### What the task asks:
Return each record word for word and omit the pictures.

### Crawled caption data:
BEGIN
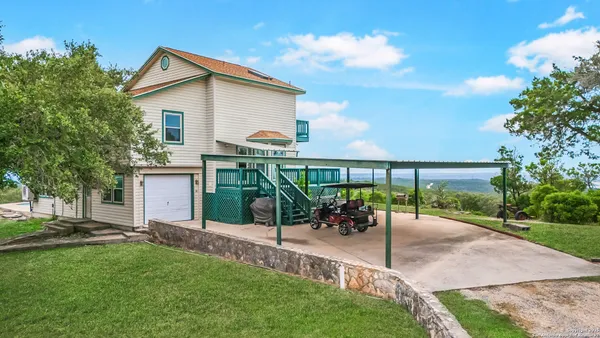 a view of a chair and table in backyard of the house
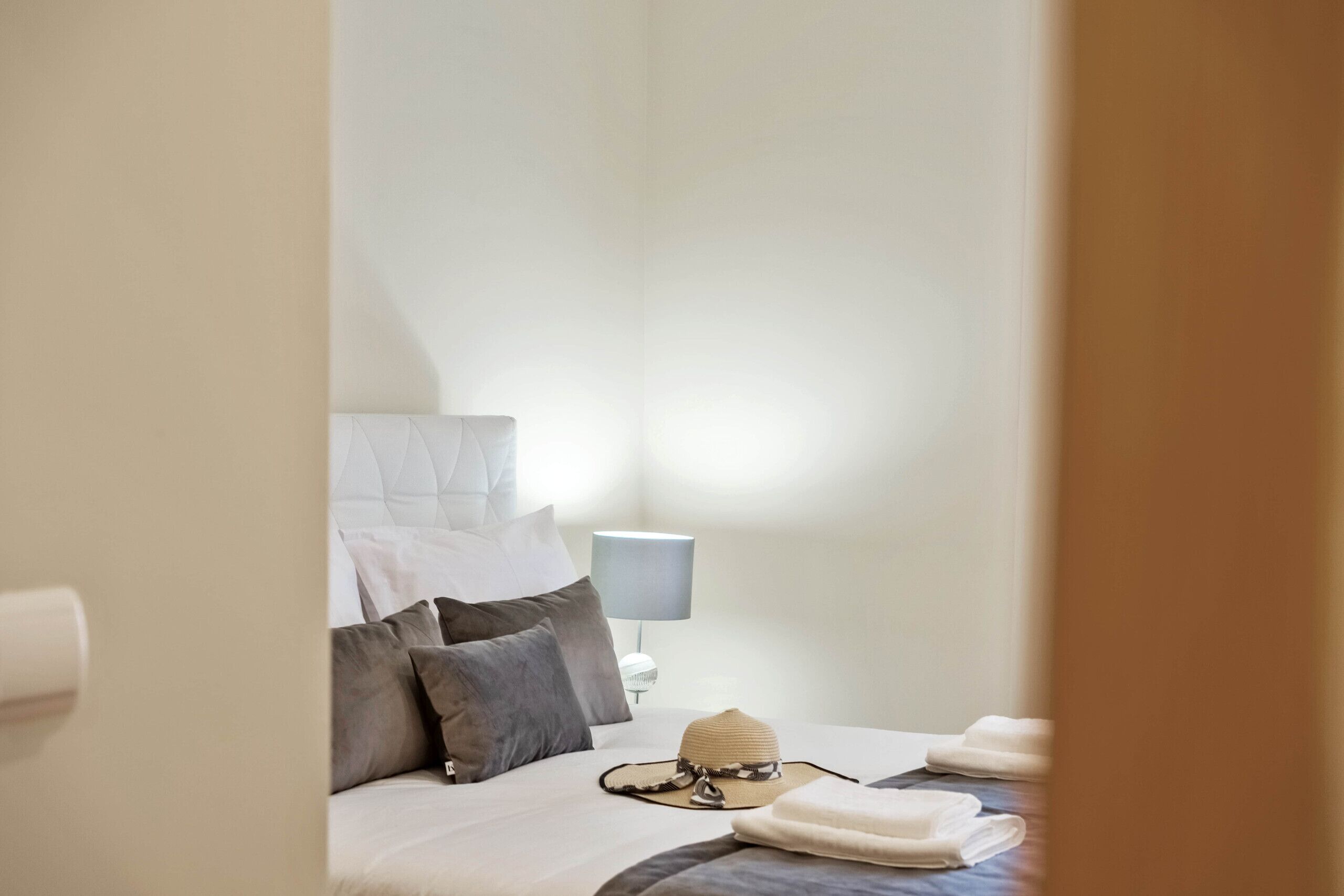 A neatly made bed with pillows, a hat, and folded towels.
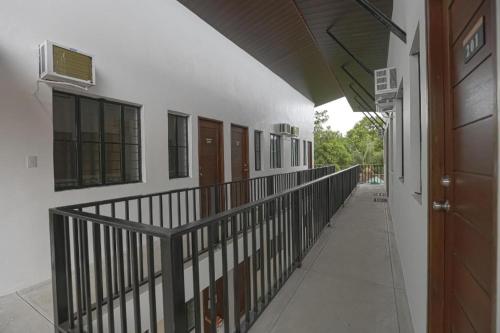 an empty hallway of a school building with a hallway at OYO 736 Jade Apartelle in Calamba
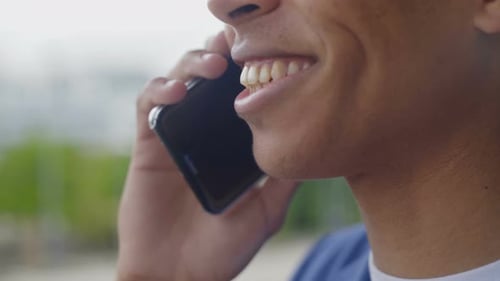 Young Adult Talking on a Cell Phone
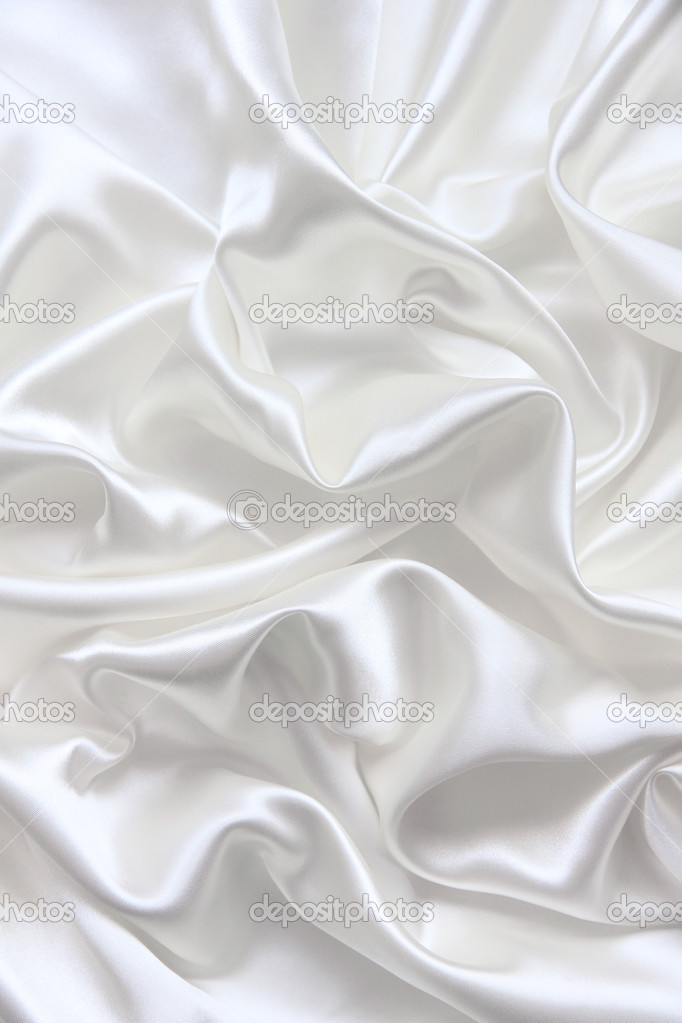 Smooth elegant  white  silk as wedding background   Stock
END
### Written answer:
 a view of a chair and table in backyard of the house
 A neatly made bed with pillows, a hat, and folded towels.
 an empty hallway of a school building with a hallway at OYO 736 Jade Apartelle in Calamba
 Young Adult Talking on a Cell Phone
 Smooth elegant  white  silk as wedding background   Stock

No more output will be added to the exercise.